Jorge Luis Borges also played with this notion of time shifts or multiverses in “The Garden of Forking Paths.” Near the end of the story, we meet Stephen Albert who has studied this ancient text all about infinite possibilities. Albert explains to the narrator: “The Garden of Forking Paths is a huge riddle, or parable, whose subject is time; that secret purpose forbids Ts’ui Pen the merest mention of its name. To always omit one word, to employ awkward metaphors and obvious circumlocutions, is perhaps the most emphatic way of calling attention to that word. It is, at any rate, the tortuous path chosen by the devious Ts’ui Pen at each and every one of the turnings of his inexhaustible novel.

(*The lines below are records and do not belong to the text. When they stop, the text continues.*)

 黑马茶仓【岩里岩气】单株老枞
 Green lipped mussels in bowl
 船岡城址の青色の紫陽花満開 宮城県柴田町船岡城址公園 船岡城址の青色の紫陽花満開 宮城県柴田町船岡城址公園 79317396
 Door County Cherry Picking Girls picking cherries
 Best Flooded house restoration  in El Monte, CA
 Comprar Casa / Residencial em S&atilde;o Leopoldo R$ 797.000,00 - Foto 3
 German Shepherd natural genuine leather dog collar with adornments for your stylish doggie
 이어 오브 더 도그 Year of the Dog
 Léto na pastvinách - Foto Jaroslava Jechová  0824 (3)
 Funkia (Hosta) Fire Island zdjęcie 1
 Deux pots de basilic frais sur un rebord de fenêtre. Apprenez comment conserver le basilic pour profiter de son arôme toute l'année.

I have compared hundreds of manuscripts, I have corrected the errors introduced through the negligence of copyists, I have reached a hypothesis for the plan of that chaos, I have reestablished, or believe I’ve reestablished, its fundamental order – I have translated the entire work; and I know that not once does the word time appear. The explanation is obvious: The Garden of Forking Paths is an incomplete, but not false, image of the universe as conceived by Ts’ui Pen. Unlike Newton and Schopenhauer, your ancestor did not believe in a uniform and absolute time; he believed in an infinite series of times, a growing, dizzying web of divergent, convergent, and parallel times. That fabric of times that approach one another, fork, are snipped off, or are simply unknown for centuries, contains all possibilities. In most of those times, we do not exist; in some, you exist but I do not; in others, I do and you do not; in others still, we both do. In this one, which the favoring hand of chance has dealt me, you have come to my home; in another, when you come through my garden you find me dead; in another, I say these same words, but I am an error, a ghost.”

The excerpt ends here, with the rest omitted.